In March 2006 MLB Commissioner Bud Selig asked former U.S. Senator and Ambassador George J. Mitchell to investigate PED use in major league baseball. The former federal judge and U.S. Attorney was imminently qualified to lead such an investigation. Twenty months later Mitchell issued a 409-page report titled “Report to the Commissioner of Baseball of an Independent Investigation into the Illegal Use of Steroids and Other Performance Enhancing Substances by Players in Major League Baseball” (“The Mitchell Report”).
The Mitchell Report cited Clemens’ name 82 times in reporting that he allegedly used “anabolic steroids” multiple times while a member of the Toronto Blue Jays and New York Yankees between 1998 and 2001 and also used HGH multiple times in 2000. The allegations of PED use against Clemens contained in the Mitchell Report were leveled by a “professional trainer” named Brian McNamee. Clemens vehemently denied the PED charges made in the Mitchell Report and hired prominent Houston attorney Rusty Hardin to represent him in his efforts to “clear his name.” This effort led to Clemens filing a defamation lawsuit against his former personal trainer in January 2008. The lawsuit came the day after Clemens appeared on CBS’ 60 Minutes during which he strenuously denied the PED charges leveled by McNamee in the Mitchell Report.
In the wake of Clemens’ 60 Minutes appearance the Oversight Committee on January 18, 2008 invited Clemens to testify before the legislative body about the accuracy of the Mitchell Report. The committee did not subpoena Clemens. On February 5, 2008, Clemens accepted the committee’s invitation to testify before it. There remains considerable debate to this day about whether Clemens actually requested to appear before the Oversight Committee which prompted the January 18 formal invitation. Committee Chairman Henry Waxman asserts Clemens wanted the hearing “to speak in public and make his case” that he had never used PEDs while one of Clemens’ attorneys Lanny Breuer disputes chairman’s assertion, saying “any suggestion whatsoever that this hearing was the result of our request is simply not accurate.” What is not in dispute is that on February 13, 2008 Clemens forcefully told the Oversight Committee that he had never taken PEDs.
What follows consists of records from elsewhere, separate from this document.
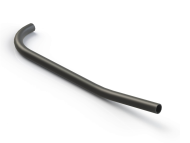 Tiller Arm PORT(Exc cleat) Nacra 17/F18FCS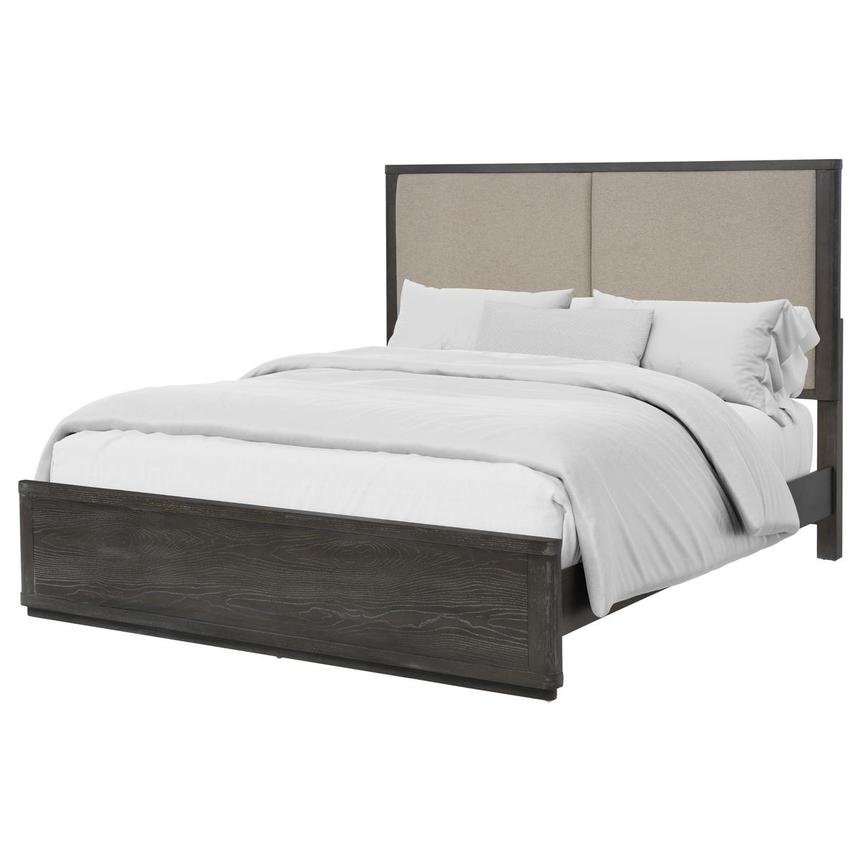 Mabel 4-Piece Queen Bedroom Set alternate image, 3 of 6 images.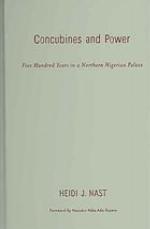 Concubines And Power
Roger Clemens is the only prominent MLB player accused of PED use who has remained adamant about his innocence. Earlier this year former St. Louis home run king Mark McGwire finally owned up to PED use during his dramatic pursuit of Roger Maris’ single season home run record. McGwire’s admission followed the lead of New York Yankees third baseman Alex Rodriquez’s confession last year that he had used PEDs during a three-year period early in his career. Despite repeated calls from sports pundits that he do the same thing, Clemens refused to join the bandwagon of PED admissions and continued to steadfastly maintain his innocence.
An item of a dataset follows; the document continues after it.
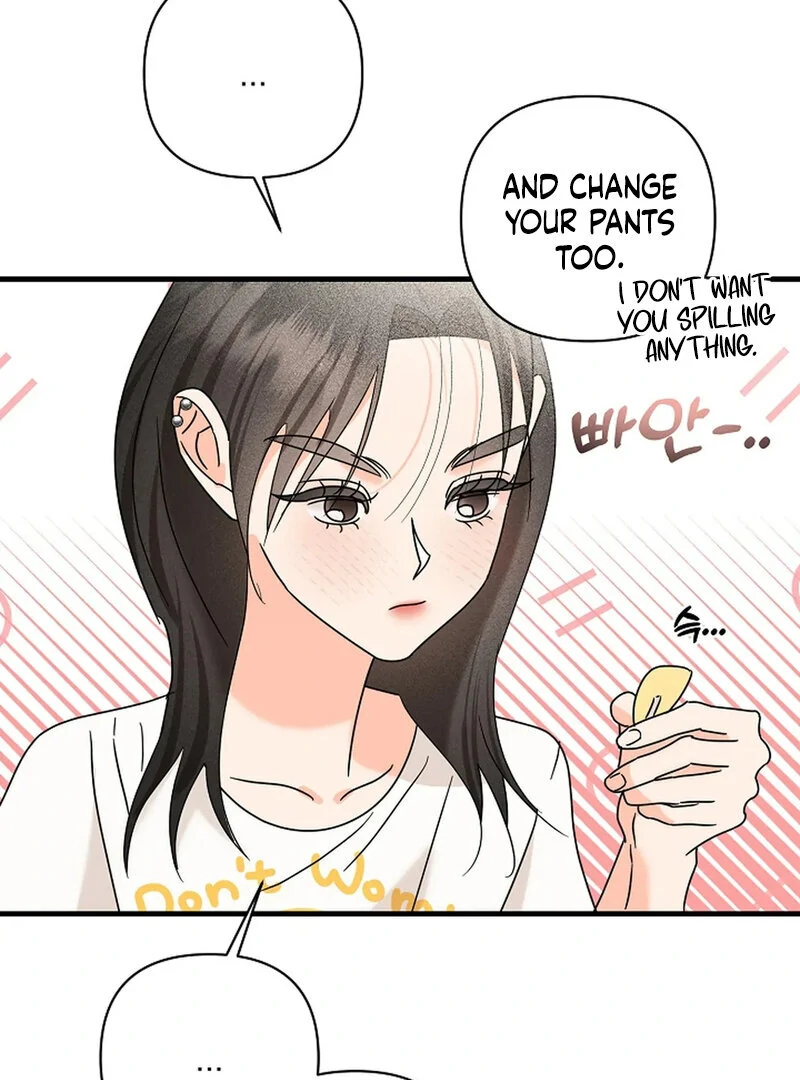 Stop Fighting, Go to Bed (AthreaScans) - Chapter 16 manhwa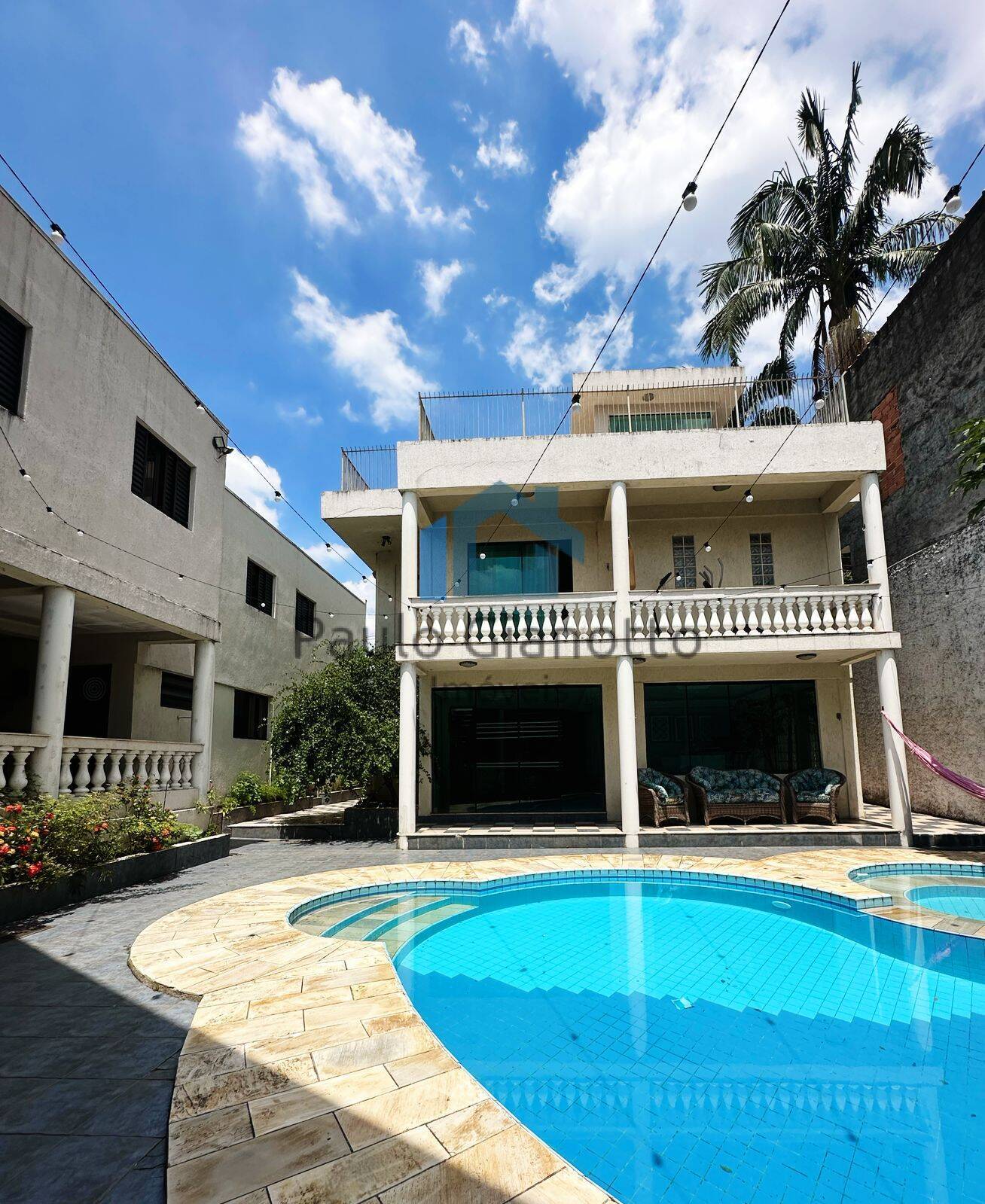 Casa de Condomínio, 3 quartos - Foto 45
Some say the Government’s patience ran out. Others point out that MLB home run king Barry Bonds was indicted in 2007 for perjury and obstruction of justice in connection with his testimony before a federal grand jury investigating allegation of his PED use; and that Olympic sprinter Marion Jones was convicted and sentenced to six months in 2008 for lying about her PED use during her record-setting competition years. The racial implications of the different treatment by the Government in the Bonds/Jones cases compared to Clemens was increasingly become a subject of discussion on sports television. Thus a reasonable argument can be made that Clemens insistence of innocence forced the Government’s hand because of its racial concerns.
Whatever the Government’s motive, a Grand Jury sitting in the District of Columbia on August 19, 2010 handed down a six-count indictment against Clemens: one count for obstruction of Congress, 18 U.S.C. Sec. 1505; two counts of perjury for false testimony before the Oversight Committee, 18 U.S.C. Sec. 1621; and three counts for making false statements to congressional staffers, 18 U.S.C. Sec. 1001. The difference between perjury and making a false statement is that perjury requires proof that the witness was sworn while making a false statement does not. Also, it has been a longstanding rule of law that perjury must be proven by two witnesses or by one witness and corroborating evidence.
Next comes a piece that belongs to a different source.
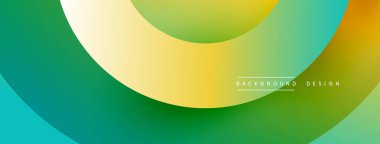 Soyut kesişen çizgiler ve eğimli geometrik arkaplan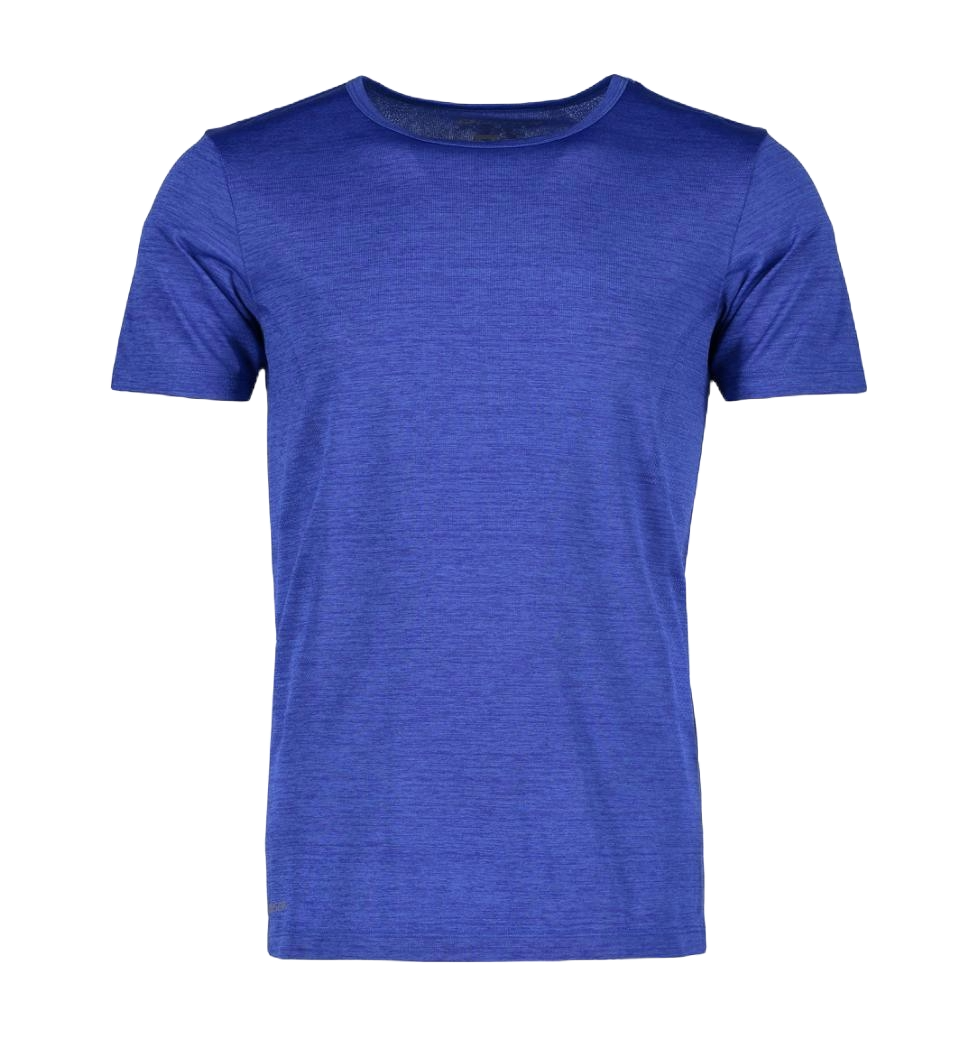 GEYSER T-SHIRT SEAMLESS | HERRE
The false statements Clemens allegedly made were in response to questions posed to him prior to appearance before Congress concerning his alleged use of HGH, anabolic steroids and Vitamin B-12. These questions were spelled out in the indictment. Count 2 of the indictment deals with alleged false statements Clemens made concerning his reported use of HGH:
Q. The focus of our investigation is, in a lot of ways, the Mitchell Report; and the Mitchell Report contains allegations about your use of anabolic steroids and human growth hormones, HGH. And you have been very clear in your public statements that these allegations about your use are not true … I will go through some specific statements in the Mitchell Report, but, before I do that, I want to give you an opportunity for you to raise with us areas where you think are the most glaring inaccuracies in the Mitchell Report as it relates to you.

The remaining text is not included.